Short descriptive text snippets
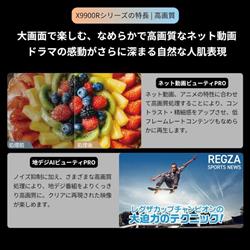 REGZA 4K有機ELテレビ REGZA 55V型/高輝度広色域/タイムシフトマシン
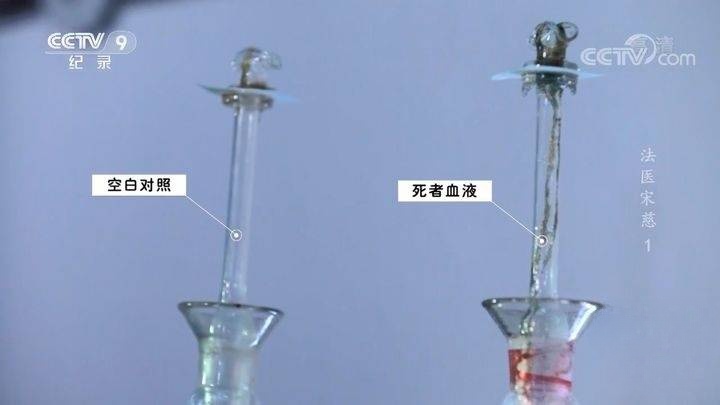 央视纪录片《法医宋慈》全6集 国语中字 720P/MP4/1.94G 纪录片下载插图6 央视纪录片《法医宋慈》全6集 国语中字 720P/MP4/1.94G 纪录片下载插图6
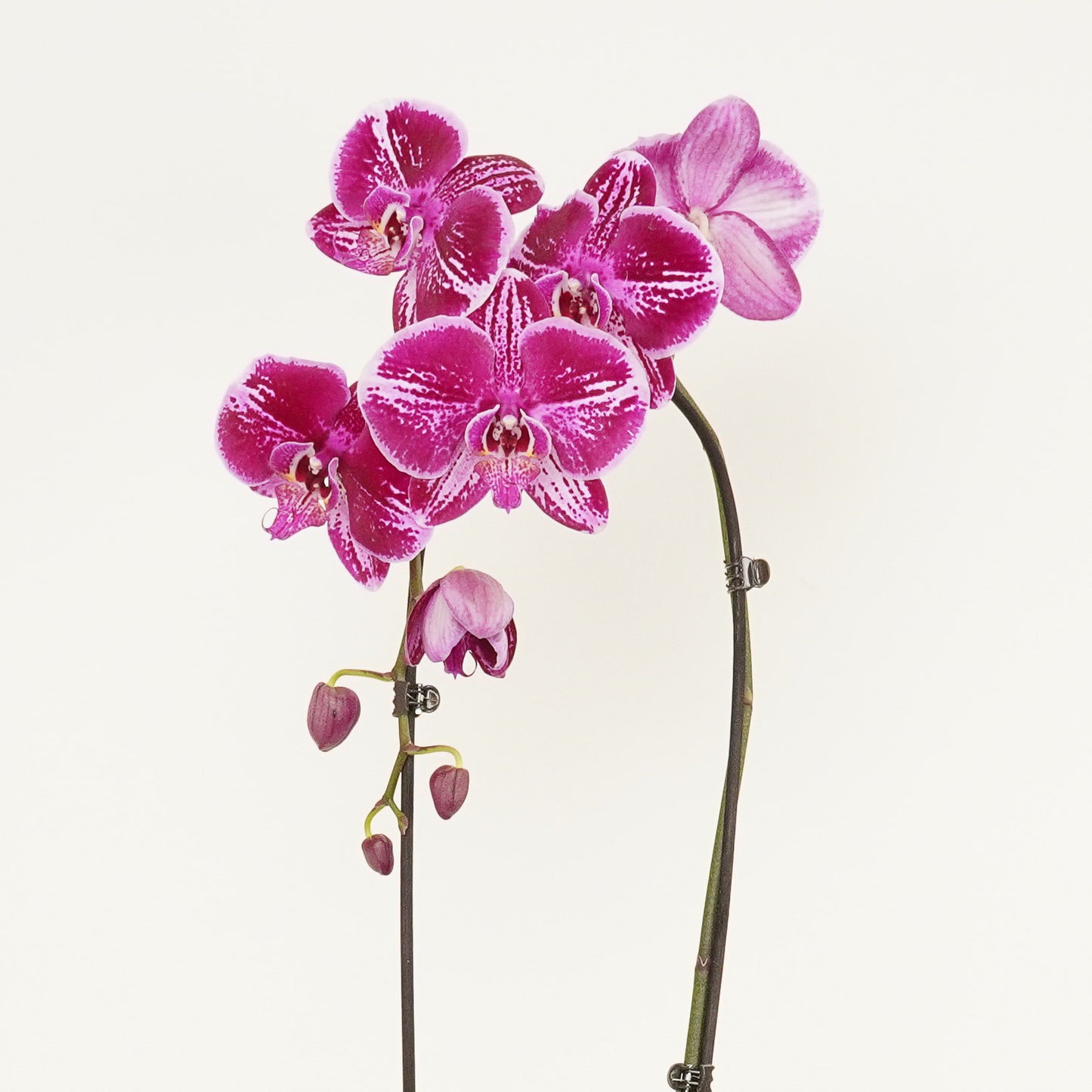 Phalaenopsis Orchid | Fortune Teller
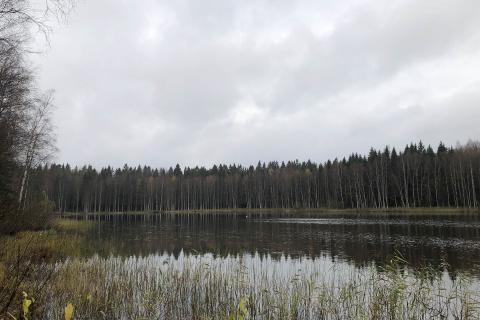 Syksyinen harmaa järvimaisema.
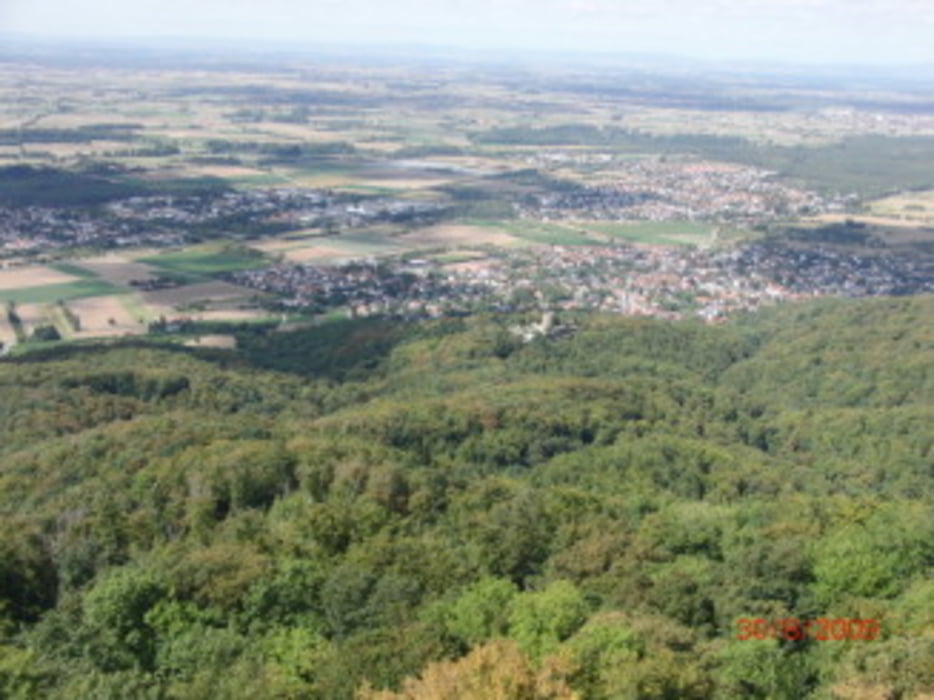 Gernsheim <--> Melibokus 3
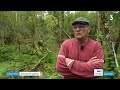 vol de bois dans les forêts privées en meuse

● **TO DO**
Find the line containing "Gernsheim <--> Melibokus 3" in the records above and restate it, and each line after it through the end, word for word, dropping the pictures.

● **EXPECTED ANSWER**
 Gernsheim <--> Melibokus 3
 vol de bois dans les forêts privées en meuse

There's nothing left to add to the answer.